■ GOAL OF THE EXERCISE: Take the line containing "Used 2019 White Toyota LE image 18" through the last line of the data and retype those lines exactly. Pictures do not belong in the copy.
==== SUPPLIED MATERIAL
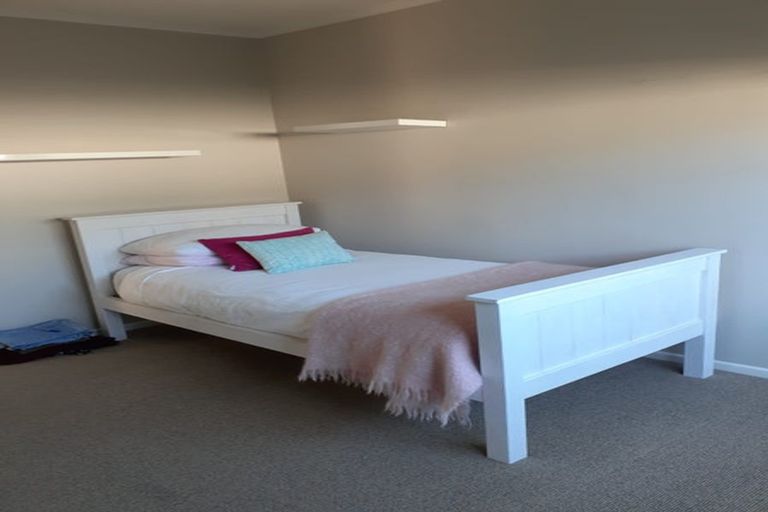 Photo of property in 10 Matuku Street, Heretaunga, Upper Hutt, 5018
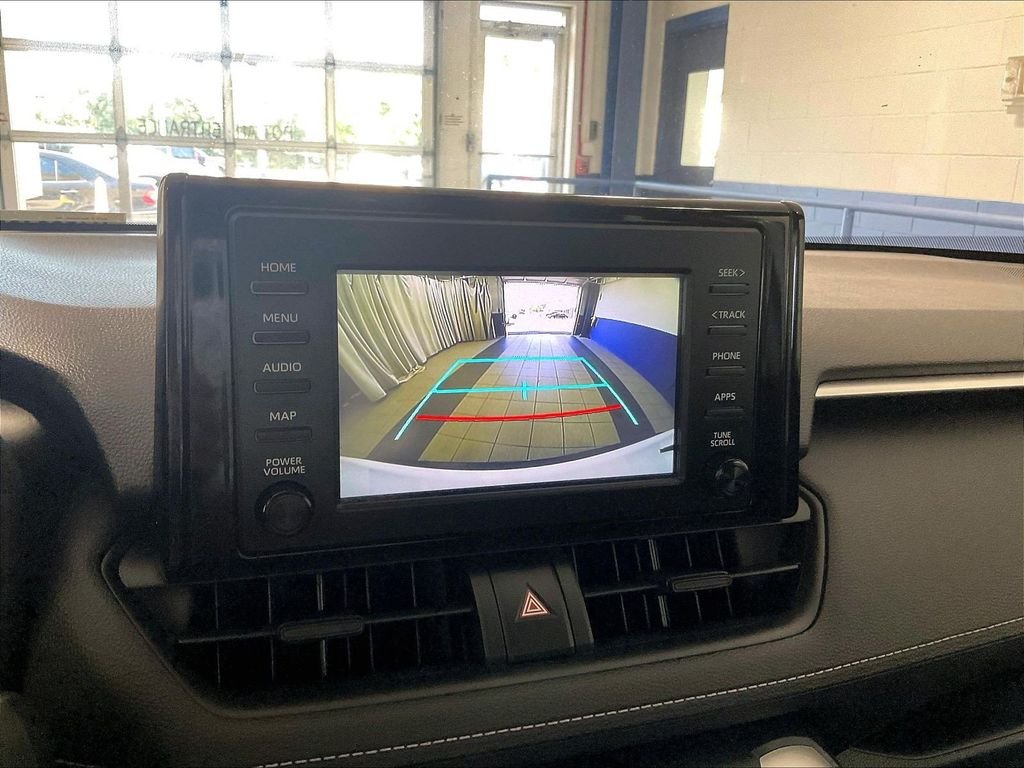 Used 2019 White Toyota LE image 18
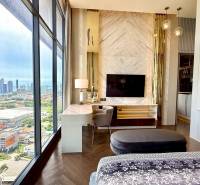 Stilvolles Interieur einer 4-Zimmer-Wohnung mit Blick auf die Stadtsilhouette, elegante Ausstattung.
========
■ ANSWER SECTION:
 Used 2019 White Toyota LE image 18
 Stilvolles Interieur einer 4-Zimmer-Wohnung mit Blick auf die Stadtsilhouette, elegante Ausstattung.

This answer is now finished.